The Founder and President of the school taught a class on Dispensations. It was in his class that I decided not to come back after my second semester. I did not go back to my local church either.  His beliefs did not resemble the Christianity I learned at home.  His lessons were peppered with digs and condescending, derogatory remarks about other denominations that were not entirely in accord with Baptist dogma. I questioned my beliefs, my faith.  It was years before I returned to an organized religious community.

Who Are My Friends?

There were many other things about the school that made me uncomfortable,but the most hurtful thing occurred after I left the school.  I had become close friends with my roommate and a few of the girls in my dorm.  Gwen, Margaret and I were inseparable.  Margaret and I made plans to visit our boyfriends at a Christian College in New England next semester. I continued to correspond with the girls by snail mail.  One day I received a letter from Margaret.  One line in the message hit me like a gut punch.  “Gwen and I miss you so much; we had to adopt another inner-city girl.”  Wow! I thought we were friends, real friends.  I thought she was my friend because we had a lot in common because I was smart, witty and fun to be around.  She saw me as an inner-city-girl who went to her school on a partial scholarship and lived in her dorm.
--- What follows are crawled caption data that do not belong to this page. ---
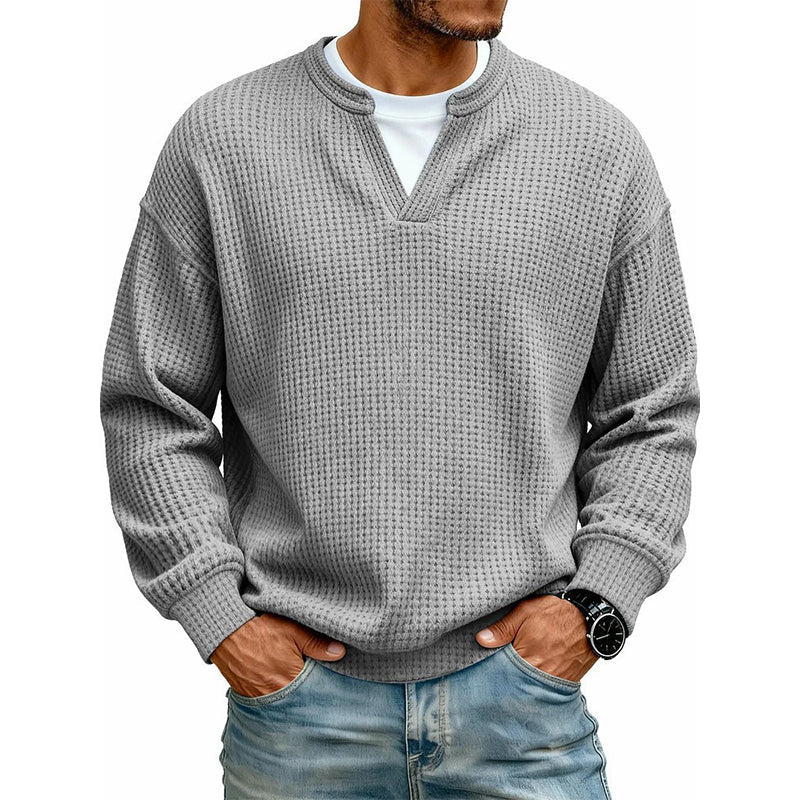 Herren Strukturiertes Waffel Langarm-Shirt im Lagen-Look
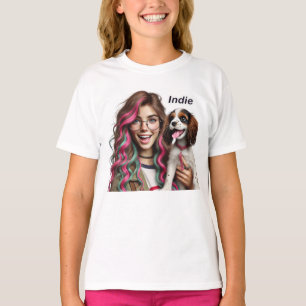 🐶 Indie & Best Friend - Personalisierte Kinder" T-Shirt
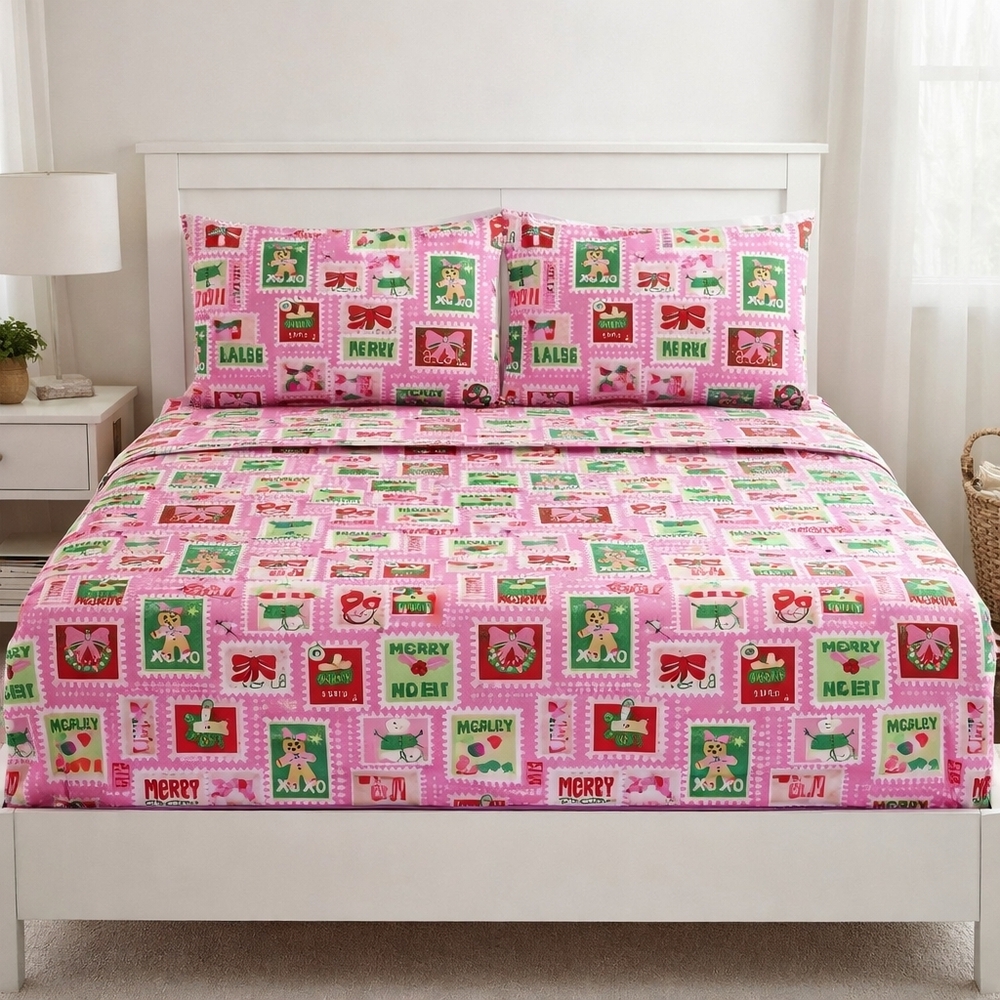 Betsey Johnson Christmas Holiday Stamps Pink 4 Piece Full Sheet Set  New w/ Tags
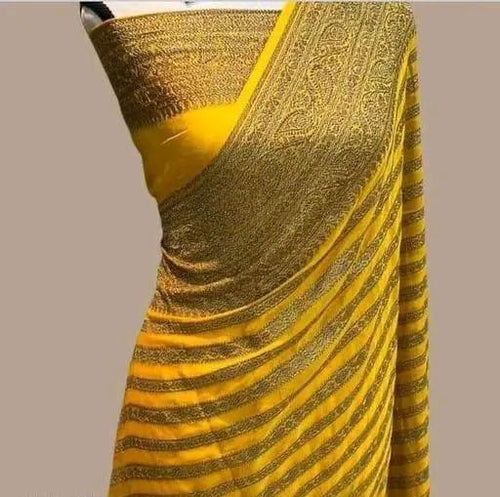 Elegant dyeable Banarasi handloom georgette silk saree featuring delicate antique zari weaving customized in your choice of color.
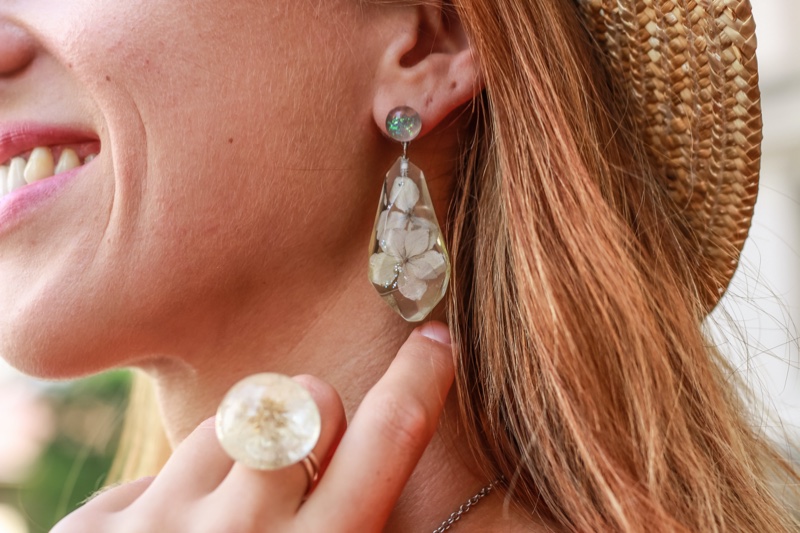 Closeup Woman DIY Resin Jewelry Earring Ring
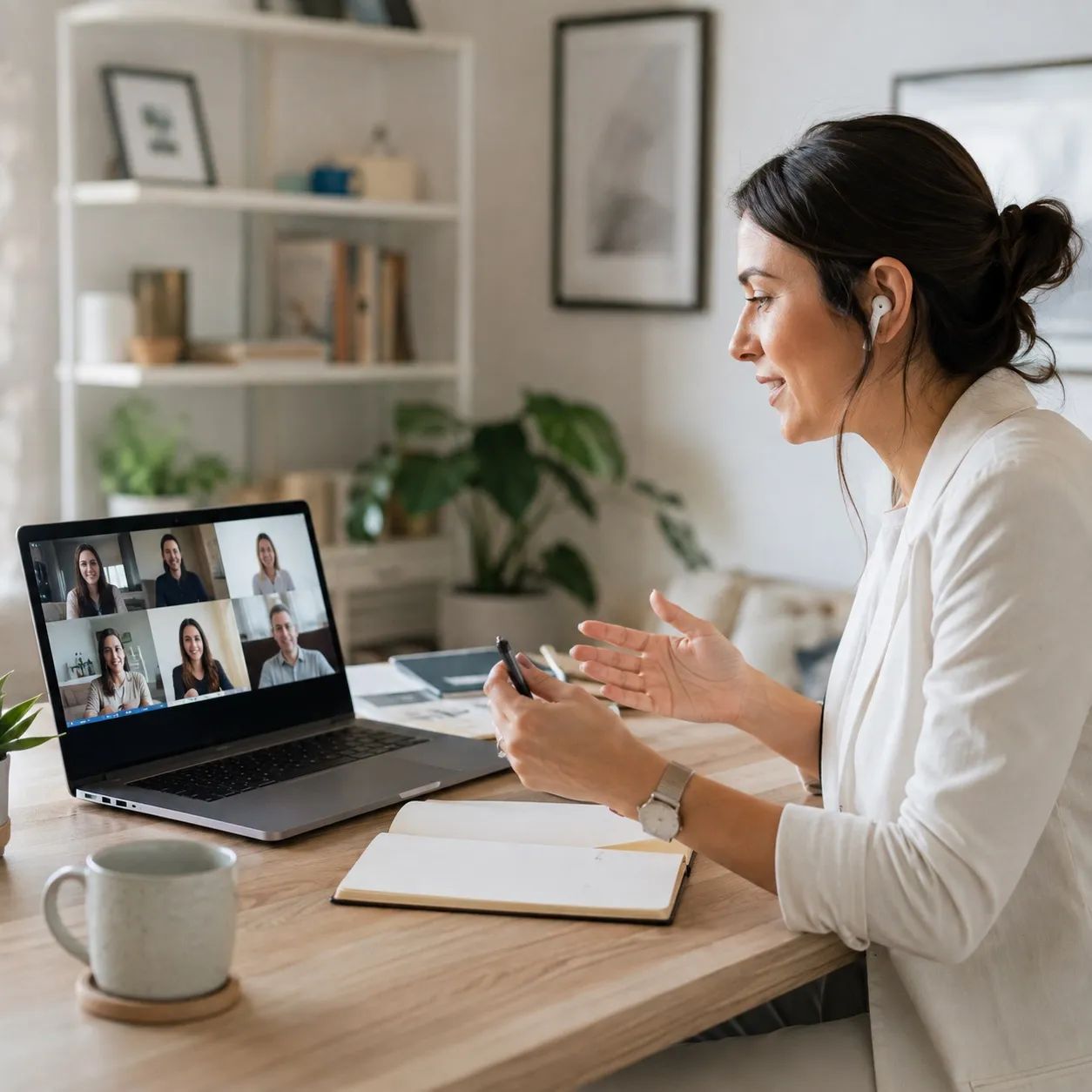 A remote worker on a video call at a home desk, the call grid visible on the laptop.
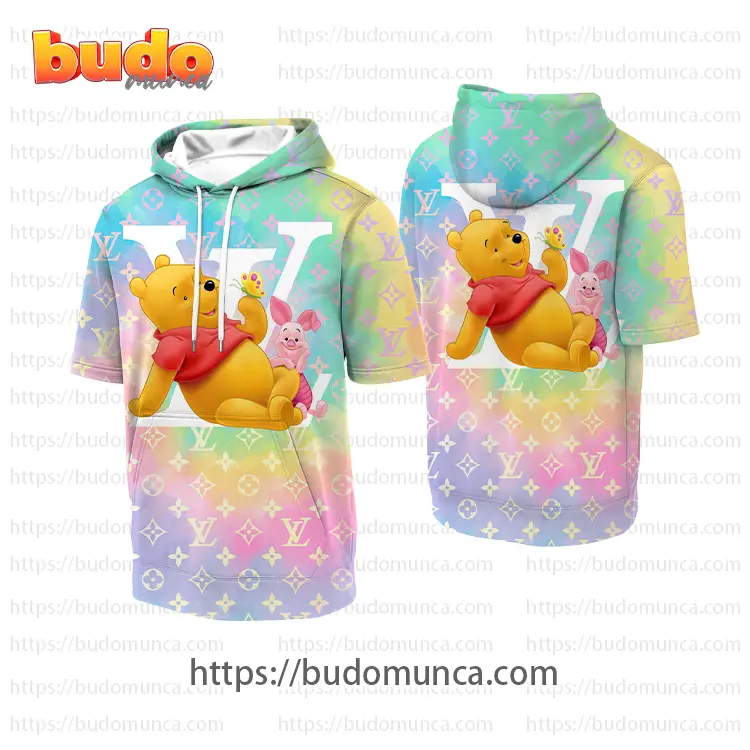 Louis vuitton and winnie the pooh disney relax hooded short sleeve t-shirt gift uninque for kid man women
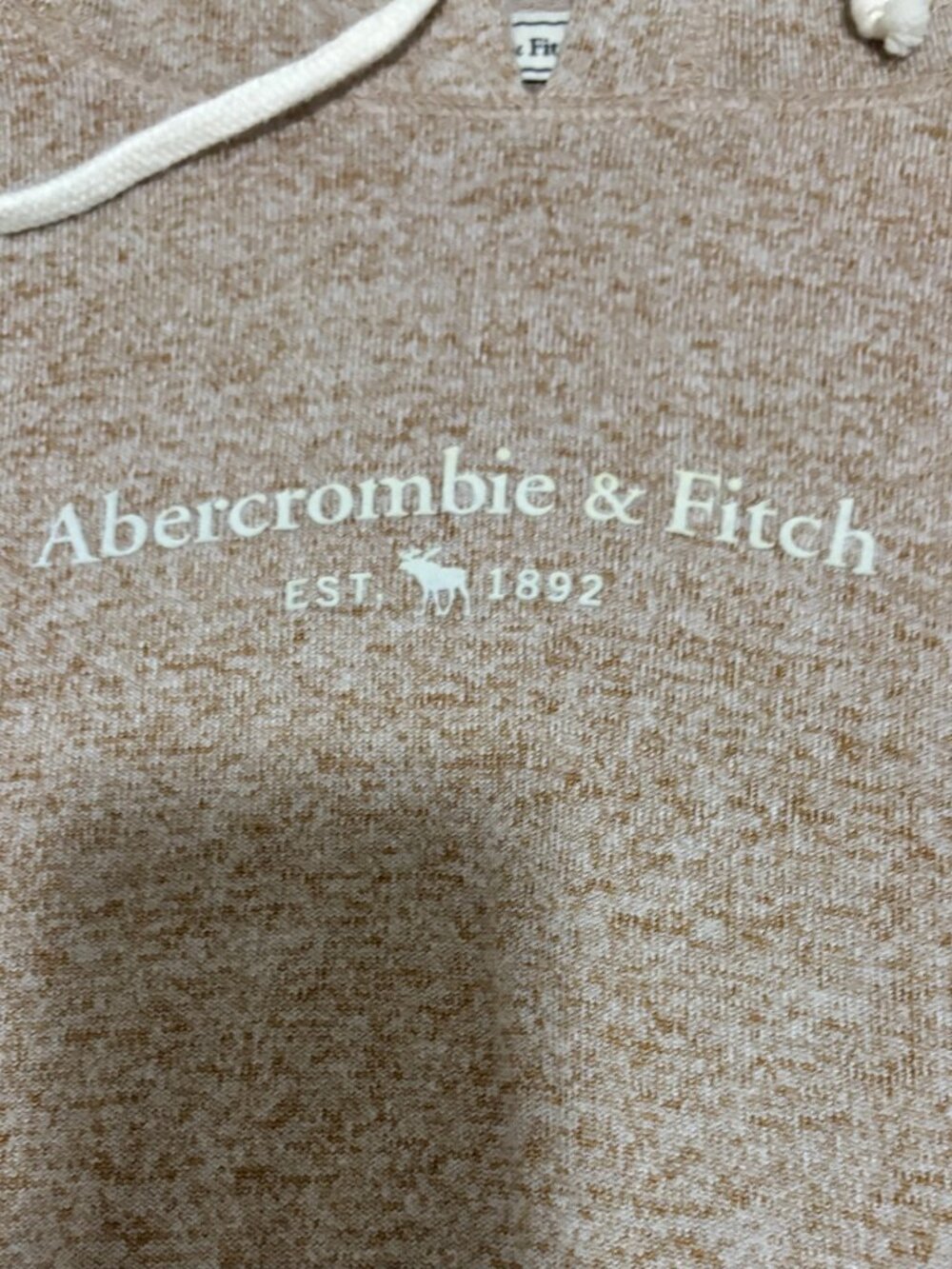 Abercrombie & Fitch tan lightweight ribbed hoodie Size M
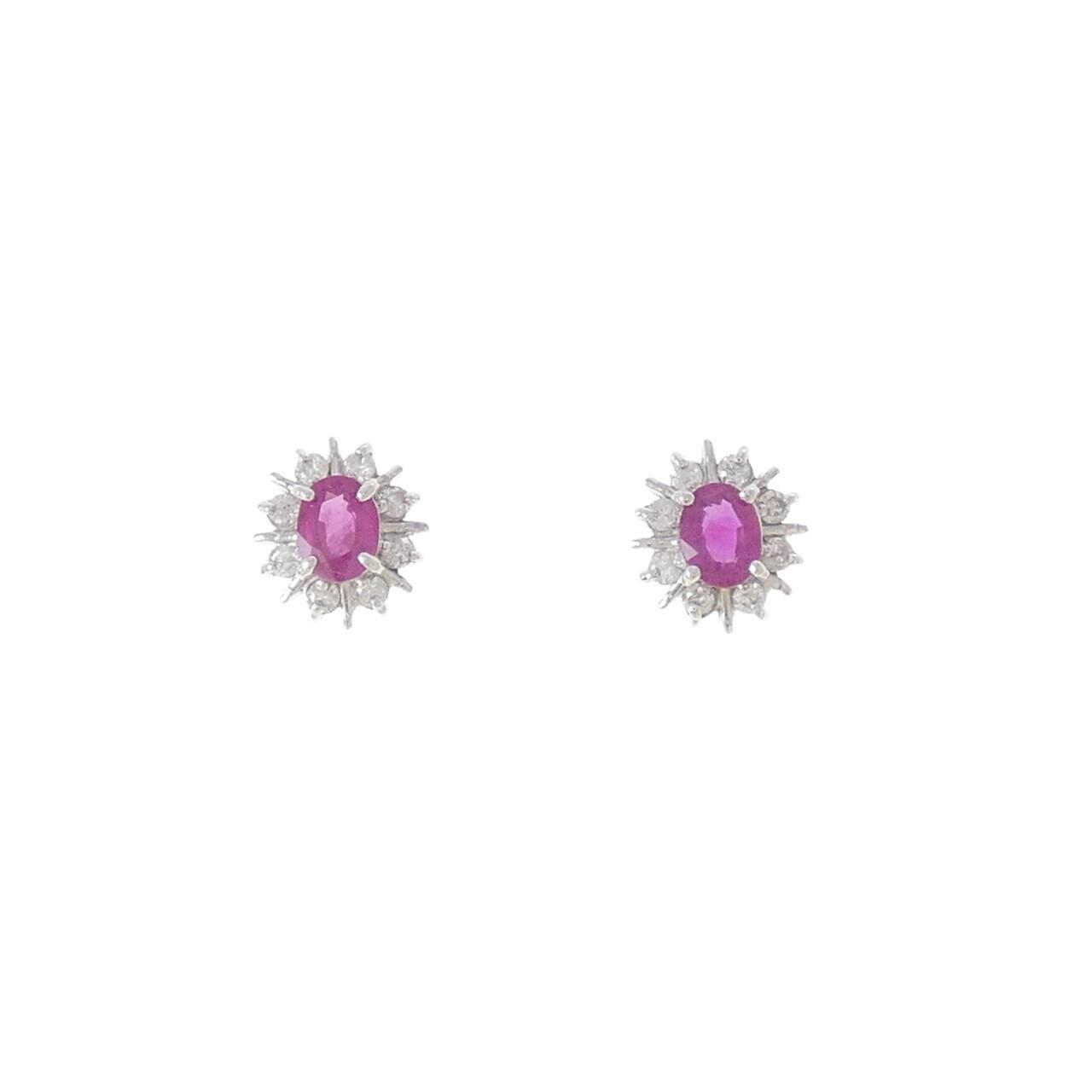 PT900 ルビー ピアス 0.50CT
Disguised, They Came For the Immigrants…

Years later, I was working at a psychiatric day services program is a New England city nicknamed “The City of Immigrants.”  One day, after the clients left, and we were meeting to review the day’s events and planning.  There was construction going on around us, and the noise prompted a co-worker, Doug, to make some awful comments, similar to DJT’s views, about the men who were working on the project. 

The workers were mostly brown men if I had to guess they were probably from countries in South America and the Caribbean.  “I can’t believe you just said that,” I told him. His response to justify his words was worse. I explained that these men could very well be my cousin, brother, or father.  While he had never been disrespectful to me or made racist comments of our clients in front of me, it hurt me that he thought this way of these people he didn’t even know – just because of the color of their skin and their accents.

Doug was a man that I worked with for several years; we co-facilitated successful groups, we walked together at lunch, had our coffee together, I considered him a close friend.  He finally said, “I’m sorry, I  just wasn’t thinking.”  It didn’t make it any better if anything, it made it worse that he wasn’t thinking about the impact of his words.  Things were never the same between us.

Then They Came for Me…

People forget I am not “white,” I am a woman “of color,” Ecru Cream is my color.  If our country were to continue to erase all the progress made regarding equality for all people; if as a nation we lose respect for basic human rights what is left for us?  What becomes of me, of my family?  If someone comes knocking on my door and drags me away because of a flippant comment I made on Twitter, will my friends stand up for me?  Will they say, “Well, you shouldn’t have said that after all, he is our President.”  I remember the words of Martin Niemoller, “… Then they came for me—and there was no one left to speak for me.”

All this rhetoric brings all these emotions to the surface. DJT did not get to the White House on his own merits.  Witnessing day after day that our lawmakers condone and defend his actions is very draining.  I am reminded again: “…and when an experience is not retained, as among savages, infancy is perpetual. Those who cannot remember the past are condemned to repeat it.”  — George Santayana

Hope for Rational Government

The recent elections bring some hope that people realize that the current events are not just politics and business as usual, nor are they healthy for our Democracy.  On the flip side, the recent election shows that there is still lots of work to be done. The numbers were too close for comfort, and there were too many mistakes and too much irregularity at the polls. Yes, I am weary, but I am hoping that tempered and rational thought comes with the new legislators to Congress before we resort to “Hunger Games” for the dignity and survival of the 98%.